Python continuous TCP connection

2019-07-22 13:59发布

问题:

I'm new to socket programming and trying to get back into python. I wanted to write a simple TCP program which will continuously maintain a connection until some end state is reached, in this case "close" is sent by the client.

This works fine for the first iteration, but it freezes on the second thing I send and I'm not sure why. Could someone please explain why my program freezes or how better implement this?

TCPServer.py

from socket import *
serverPort = 12000
serverSocket = socket(AF_INET, SOCK_STREAM)
serverSocket.setsockopt(SOL_SOCKET, SO_REUSEADDR, 1)
serverSocket.bind(('', serverPort))
serverSocket.listen(1)
print('The server is ready to recieve')

while True:
    connectionSocket, addr = serverSocket.accept()
    sentence = connectionSocket.recv(1024).decode()
    if(sentence == "close"):
        connectionSocket.close()
    capSentence = sentence.upper()
    connectionSocket.send(capSentence.encode())

TCPClient.py

from socket import *
serverName = 'localhost'
serverPort = 12000
clientSocket = socket(AF_INET, SOCK_STREAM)
clientSocket.connect((serverName, serverPort))
while(1):
    sentence = raw_input('input sentence: ')
    if(sentence == "close"):
        break
    clientSocket.send(sentence.encode())
    retSentence = clientSocket.recv(1024)
    print('From server; ', retSentence.decode())

clientSocket.close()

回答1:

There are multiple problems with the server. I'll try to point out what I see.

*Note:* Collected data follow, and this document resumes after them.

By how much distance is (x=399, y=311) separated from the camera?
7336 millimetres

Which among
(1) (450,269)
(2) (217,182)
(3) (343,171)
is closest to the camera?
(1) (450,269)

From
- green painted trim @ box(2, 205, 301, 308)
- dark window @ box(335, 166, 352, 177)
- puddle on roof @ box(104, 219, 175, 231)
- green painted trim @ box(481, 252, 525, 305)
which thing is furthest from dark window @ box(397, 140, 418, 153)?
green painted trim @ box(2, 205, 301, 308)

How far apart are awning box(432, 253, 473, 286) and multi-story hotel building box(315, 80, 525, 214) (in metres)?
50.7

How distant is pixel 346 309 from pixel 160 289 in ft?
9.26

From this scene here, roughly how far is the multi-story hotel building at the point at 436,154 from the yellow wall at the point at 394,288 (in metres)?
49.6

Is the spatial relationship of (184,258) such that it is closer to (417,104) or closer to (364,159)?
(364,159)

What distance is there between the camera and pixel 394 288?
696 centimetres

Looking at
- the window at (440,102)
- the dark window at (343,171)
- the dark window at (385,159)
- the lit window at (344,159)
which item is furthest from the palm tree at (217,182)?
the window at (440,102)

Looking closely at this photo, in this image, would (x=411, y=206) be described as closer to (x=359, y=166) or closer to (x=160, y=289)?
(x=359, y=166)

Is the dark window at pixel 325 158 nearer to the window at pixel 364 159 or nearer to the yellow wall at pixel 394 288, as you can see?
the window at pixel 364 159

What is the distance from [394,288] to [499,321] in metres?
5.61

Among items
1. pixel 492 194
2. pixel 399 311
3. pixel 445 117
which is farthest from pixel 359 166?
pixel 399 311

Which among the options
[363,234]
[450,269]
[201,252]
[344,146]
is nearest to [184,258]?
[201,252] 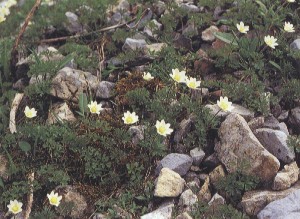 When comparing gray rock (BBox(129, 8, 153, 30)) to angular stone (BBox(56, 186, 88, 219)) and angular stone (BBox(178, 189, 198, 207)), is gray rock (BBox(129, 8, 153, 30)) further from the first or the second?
angular stone (BBox(178, 189, 198, 207))

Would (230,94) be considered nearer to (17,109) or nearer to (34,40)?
(17,109)

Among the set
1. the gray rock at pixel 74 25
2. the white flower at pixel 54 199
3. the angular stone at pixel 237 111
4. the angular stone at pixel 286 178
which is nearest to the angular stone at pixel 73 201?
the white flower at pixel 54 199

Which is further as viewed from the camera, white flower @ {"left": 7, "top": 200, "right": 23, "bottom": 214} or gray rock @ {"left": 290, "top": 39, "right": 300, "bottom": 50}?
gray rock @ {"left": 290, "top": 39, "right": 300, "bottom": 50}

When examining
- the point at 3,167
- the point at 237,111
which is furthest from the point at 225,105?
the point at 3,167

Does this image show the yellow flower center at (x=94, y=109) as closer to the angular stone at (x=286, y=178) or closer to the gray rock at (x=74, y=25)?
the angular stone at (x=286, y=178)

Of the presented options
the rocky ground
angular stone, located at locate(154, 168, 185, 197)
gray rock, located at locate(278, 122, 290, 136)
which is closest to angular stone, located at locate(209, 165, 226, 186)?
the rocky ground

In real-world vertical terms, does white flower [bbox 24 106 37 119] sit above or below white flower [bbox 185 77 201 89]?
below

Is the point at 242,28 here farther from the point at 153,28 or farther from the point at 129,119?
the point at 129,119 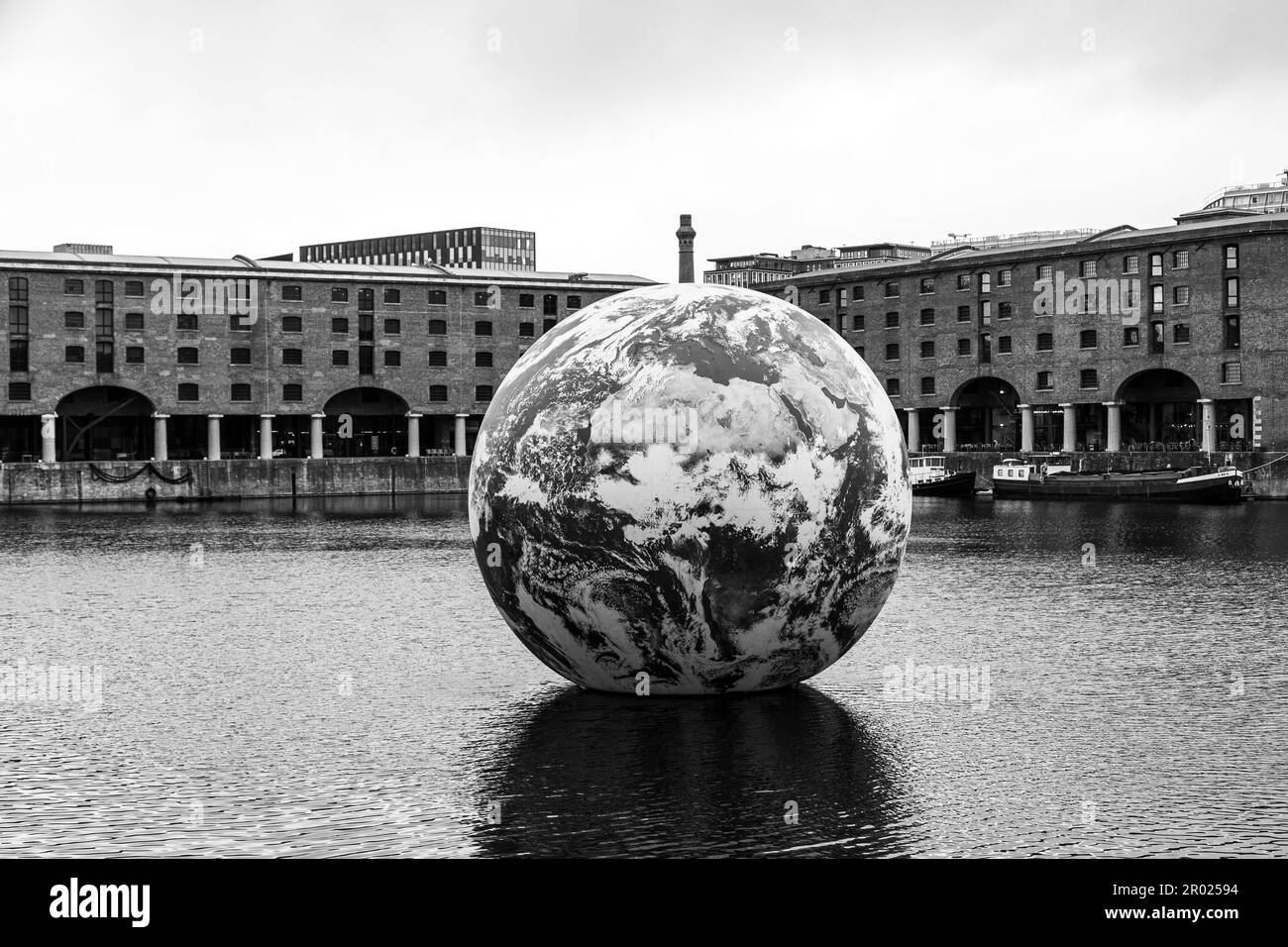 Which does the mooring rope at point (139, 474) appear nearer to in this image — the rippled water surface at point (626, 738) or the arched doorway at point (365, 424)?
the arched doorway at point (365, 424)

It freezes on the second thing you send because the server never attempts to read from the client socket a second time if the received data is not equal to "close". You need another loop to accomplish this, such as:

while True:
    connectionSocket, addr = serverSocket.accept()

    while True:
        sentence = connectionSocket.recv(1024).decode()
        if sentence == "close": break
        capSentence = sentence.upper()
        connectionSocket.send(capSentence.encode())

    connectionSocket.close()

Additionally, note that the server runs through the loops synchronously, and so it cannot accept a second connection until the first one is closed.

Finally, you are missing error handling code. The whole server will crash if a client prematurely disconnects.


If your goal is to have the server only handle a single connection and then terminate, the simplest solution is to move the accept() call outside of the main loop (otherwise you wait for a new connection on each iteration).

connectionSocket, addr = serverSocket.accept()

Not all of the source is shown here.